📊 quantvec
Add vectors, search instantly. No training, no native build, no server. A zero-dependency TypeScript library for data-oblivious vector quantization and flat ANN search, implementing Google Research's TurboQuant + RaBitQ with WASM v128 FastScan. Compresses embeddings 7.9-15.7x and runs on Node, browsers, Bun, Cloudflare Workers, and React Native.
External Links
Achievements
First public release on npm and GitHub: TurboQuantIndex, IdMapIndex, createCollection, WASM FastScan, and isomorphic serialization.
Real-Dataset Benchmarks
Validated on SIFT-small (10k x 128-d) and GloVe-200 (100k x 200-d text embeddings). At 4-bit: 0.888 recall@10 on SIFT, 0.880 on GloVe, with FastScan reaching ~2055 QPS on 10k vectors.
𝗦𝗶𝘁𝘂𝗮𝘁𝗶𝗼𝗻
In April 2025, Google Research published TurboQuant (Zandieh, Daliri, Hadian, Mirrokni, arXiv:2504.19874), a data-oblivious vector quantization algorithm that removes the training phase entirely. The insight: a random rotation makes every coordinate follow a known Beta distribution, so the MSE-optimal codebook is fully determined by (dim, bits) with no data at all. Combined with Gao & Long's RaBitQ (SIGMOD 2024) unbiased-estimator correction, it achieves recall competitive with trained PQ indexes. But no usable implementation existed. Every production vector quantizer (FAISS, ScaNN, Milvus) still required training and shipped as a native C++/Rust binary. That is a non-starter in the JavaScript ecosystem, where serverless functions cold-start in milliseconds, edge runtimes forbid native addons, and React Native apps cannot bundle native builds.
𝗧𝗮𝘀𝗸
Bring Google Research's TurboQuant algorithm to the JavaScript ecosystem as a clean-room, production-grade, zero-dependency TypeScript implementation. Deliver the paper's compression and recall guarantees with instant indexing (no training phase), running on Node, browsers, Bun, Cloudflare Workers, and React Native.
𝗔𝗰𝘁𝗶𝗼𝗻
Built a clean-room implementation of Google's TurboQuant + RaBitQ papers as a complete encode/search pipeline: unit normalization, then data-independent random rotation (O(d log d) FWHT for power-of-two dimensions, dense Householder QR otherwise), then MSE-optimal Lloyd-Max scalar quantization at 2/3/4 bits derived from the known Beta marginal, then true bit-packed serialization, then per-vector RaBitQ length-renormalization scale yielding unbiased inner-product estimates at query time.
Designed a layered API surface: TurboQuantIndex (raw positional flat index for maximum throughput), IdMapIndex (stable string/number/bigint external ids with O(1) swap-remove and predicate filtering), and createCollection (a Qdrant-inspired ergonomic layer with typed payloads and a structured filter DSL supporting must/should/must_not clauses with match, range, and hasId conditions).

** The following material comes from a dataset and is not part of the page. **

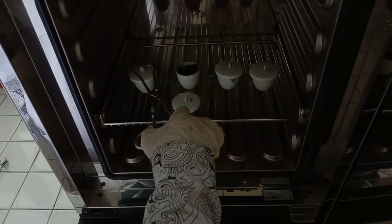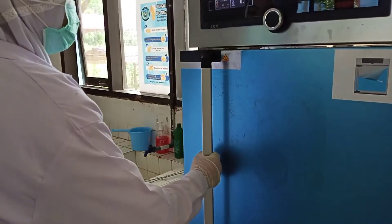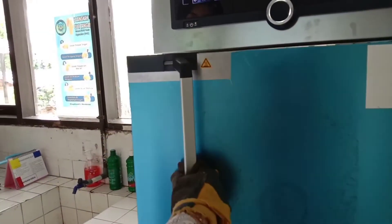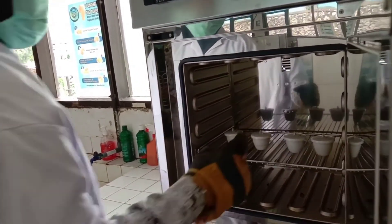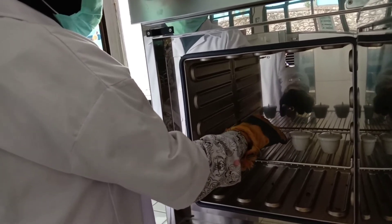Buka tutup cawan postelin untuk mempercepat proses pengeringan. Tutup oven dan tunggu selama 3 jam. Buka oven, lalu ambil postelin menggunakan bantuan sarung tangan grafi. Pastikan daun sudah kering.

Engineered two WASM acceleration paths compiled from AssemblyScript. The default is an exact f64 scoring kernel, bit-identical to the pure-TS oracle, with codes resident in linear memory (~1.3x faster). The optional v128 FastScan kernel reorganizes codes into blocked 16-vector tiles, builds a quantized u8 lookup table per query, and uses v128.swizzle for 16 simultaneous table lookups per coordinate. This achieves 5.7x speedup at 50k vectors on Apple Silicon with exact rescore of the candidate pool preserving recall.

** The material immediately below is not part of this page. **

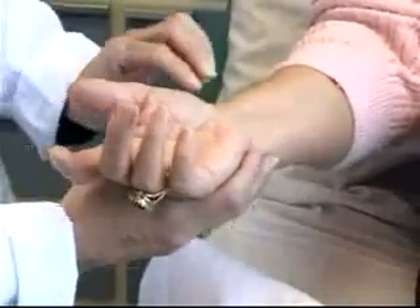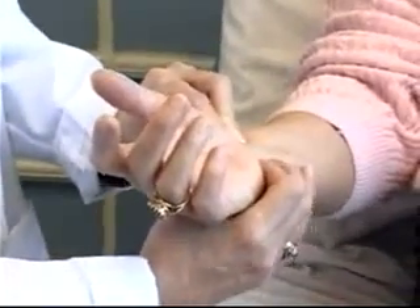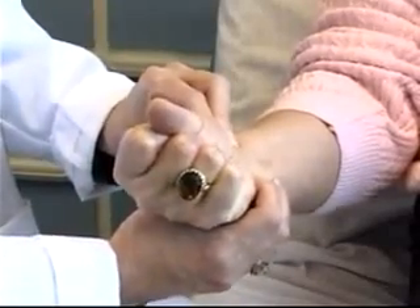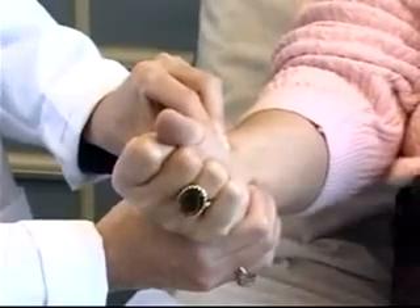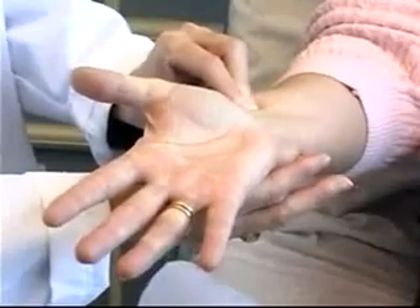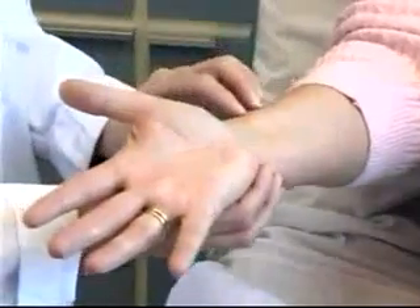The Allen's test is performed as follows. First, palpate the radial artery with your fingers, then palpate the ulnar artery. If you can't feel the ulnar artery, palpate the area closest to where you think it would be located. Ask the patient to make a fist as tight as she can and maintain that for approximately 10 seconds, while you occlude both the radial and ulnar arteries. After enough time has elapsed, ask the patient to release her fist and release your grasp on the ulnar artery. Watch for good flow returning to that hand. The hand pinks up nicely — this is a positive Allen's test, and you are okay to proceed.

Shipped isomorphic toBytes/fromBytes persistence with a versioned binary format (QVEC header), typed discriminated error classes at every API boundary, and a quantvec/node subpath with filesystem helpers. The same index serializes to IndexedDB, Cloudflare R2, or disk with zero server-side logic.
𝗥𝗲𝘀𝘂𝗹𝘁
The library achieves 0.888 recall@10 on SIFT-small (10k x 128-d) and 0.880 recall@10 on 100k GloVe-200 word embeddings at 4-bit, with 7.1-7.4x compression, zero training time, and zero runtime dependencies. FastScan reaches ~2055 QPS on 10k vectors and ~1350 QPS on 50k vectors single-threaded. Published to npm as v0.0.1 with full CI, benchmarks validated on multiple real datasets, research notes, and an interactive documentation site.